▶ Exercise
In this exercise, print only the lines of the records below from the one with "Une femme SDF" through the one with "Thủ Thuật Đọc", inclusive. Pictures are not part of the copy.

▶ Material for this task

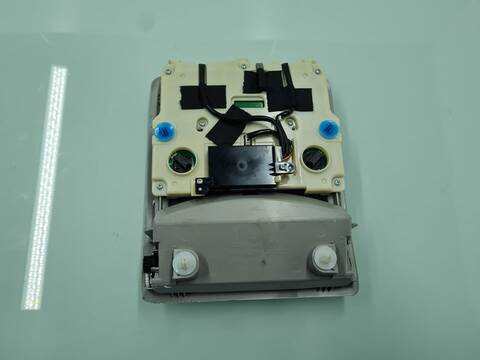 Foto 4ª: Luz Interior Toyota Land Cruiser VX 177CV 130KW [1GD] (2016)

--

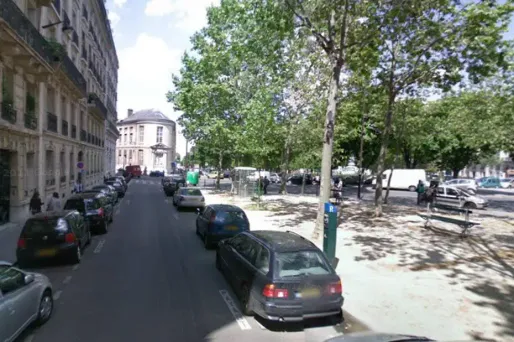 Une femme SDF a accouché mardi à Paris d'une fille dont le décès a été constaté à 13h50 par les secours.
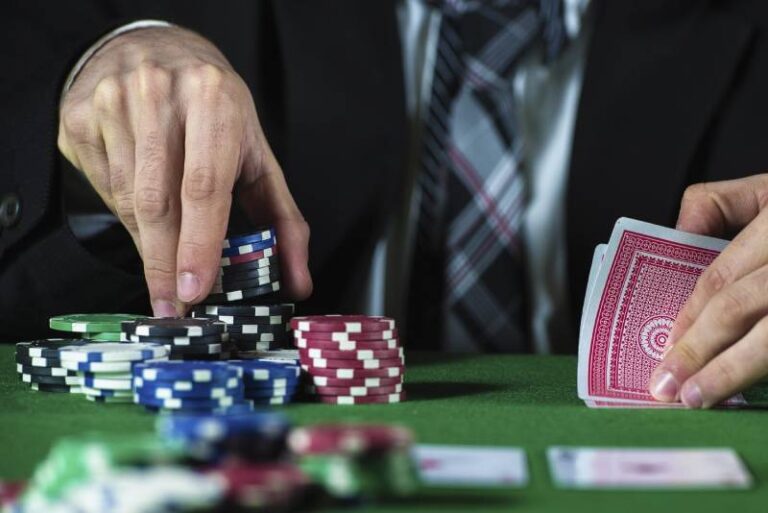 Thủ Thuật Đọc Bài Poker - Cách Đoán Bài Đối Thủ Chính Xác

▶ Response for this exercise
 Une femme SDF a accouché mardi à Paris d'une fille dont le décès a été constaté à 13h50 par les secours.
 Thủ Thuật Đọc Bài Poker - Cách Đoán Bài Đối Thủ Chính Xác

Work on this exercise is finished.